The Salt state system is made to be accurate, simple, and fast. And like the
rest of the Salt system, Salt states are highly modular.
State management
================
State management, also frequently called software configuration management
(SCM), is a program that puts and keeps a system into a predetermined state. It
installs software packages, starts or restarts services, or puts configuration
files in place and watches them for changes.
Having a state management system in place allows you to easily and reliably
configure and manage a few servers or a few thousand servers. It allows you to
keep that configuration under version control.
Salt States is an extension of the Salt Modules that we discussed in the
previous :doc:`remote execution </topics/tutorials/modules>` tutorial.

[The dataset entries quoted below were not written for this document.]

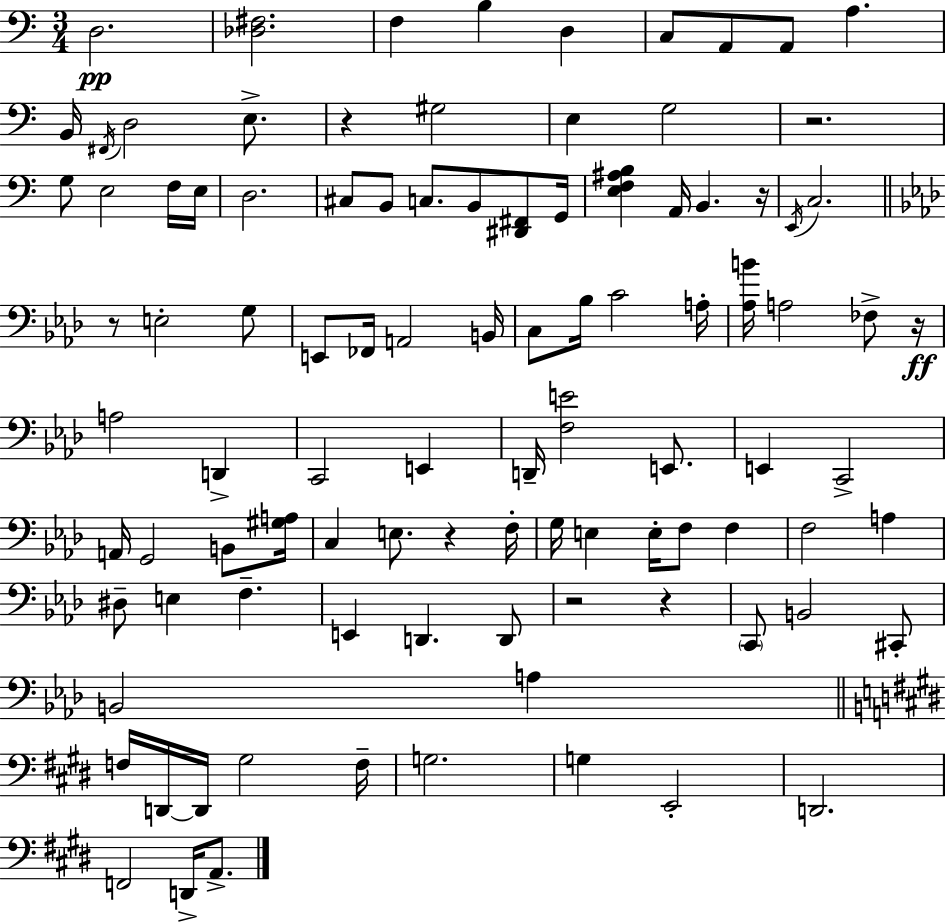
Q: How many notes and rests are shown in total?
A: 99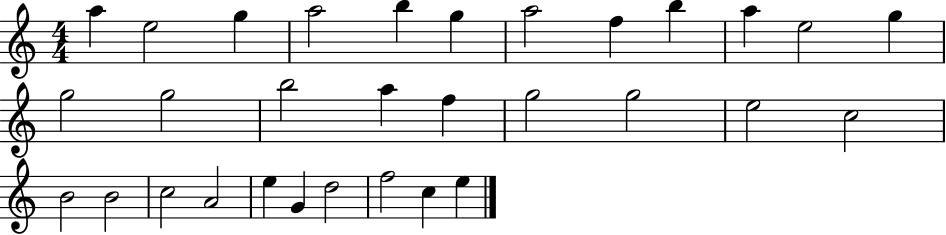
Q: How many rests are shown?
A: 0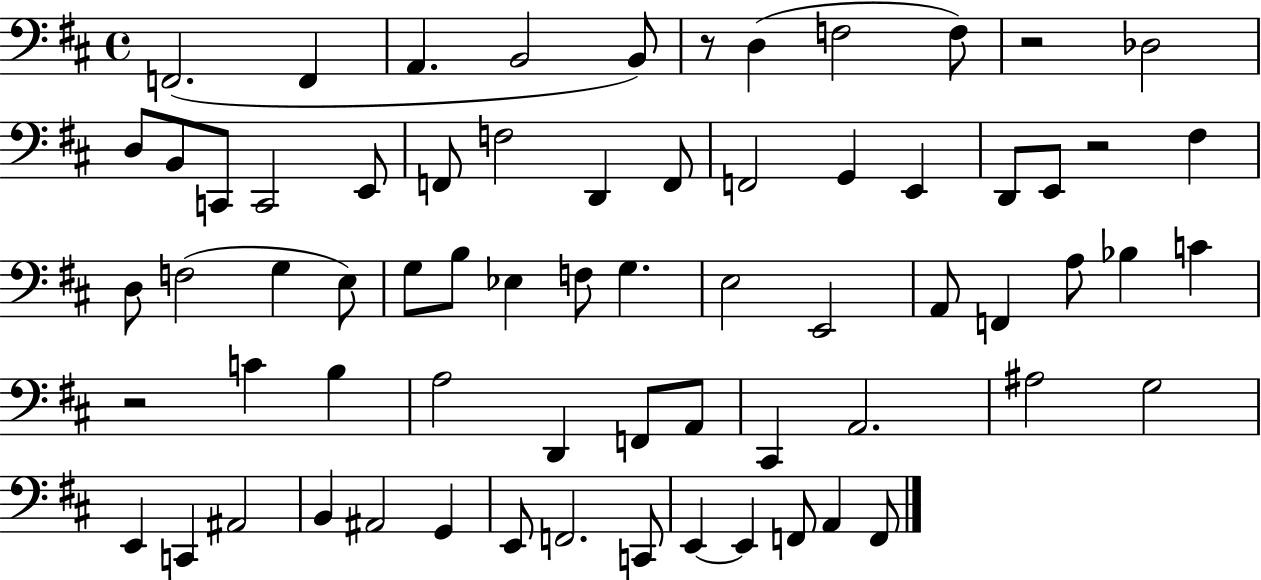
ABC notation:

X:1
T:Untitled
M:4/4
L:1/4
K:D
F,,2 F,, A,, B,,2 B,,/2 z/2 D, F,2 F,/2 z2 _D,2 D,/2 B,,/2 C,,/2 C,,2 E,,/2 F,,/2 F,2 D,, F,,/2 F,,2 G,, E,, D,,/2 E,,/2 z2 ^F, D,/2 F,2 G, E,/2 G,/2 B,/2 _E, F,/2 G, E,2 E,,2 A,,/2 F,, A,/2 _B, C z2 C B, A,2 D,, F,,/2 A,,/2 ^C,, A,,2 ^A,2 G,2 E,, C,, ^A,,2 B,, ^A,,2 G,, E,,/2 F,,2 C,,/2 E,, E,, F,,/2 A,, F,,/2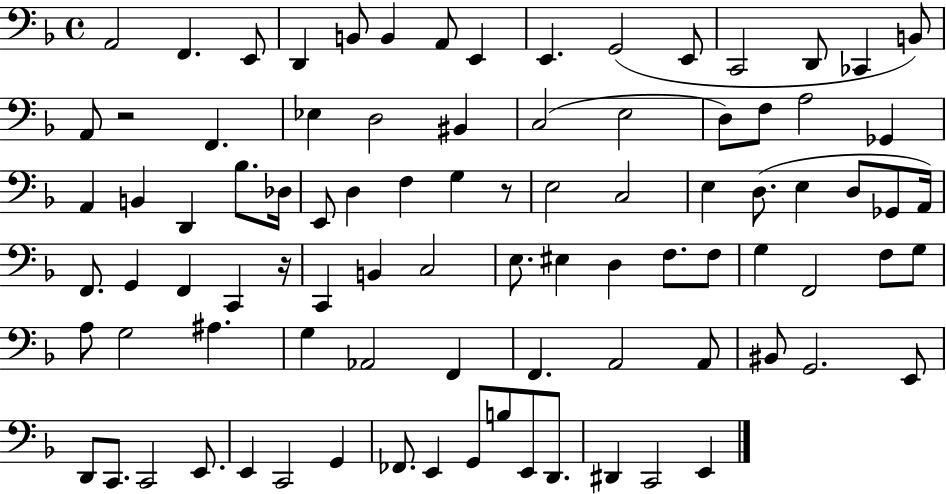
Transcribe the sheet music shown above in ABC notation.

Instead
of calling one-off executions the state of a system can be easily defined and
then enforced.
Understanding the Salt State System Components
==============================================
The Salt state system is comprised of a number of components. As a user, an
understanding of the SLS and renderer systems are needed. But as a developer,
an understanding of Salt states and how to write the states is needed as well.
Salt SLS System
---------------
.. glossary::
SLS
The primary system used by the Salt state system is the SLS system. SLS
stands for **S**\ a\ **L**\ t **S**\ tate.
The Salt States are files which contain the information about how to
configure Salt minions. The states are laid out in a directory tree and
can be written in many different formats.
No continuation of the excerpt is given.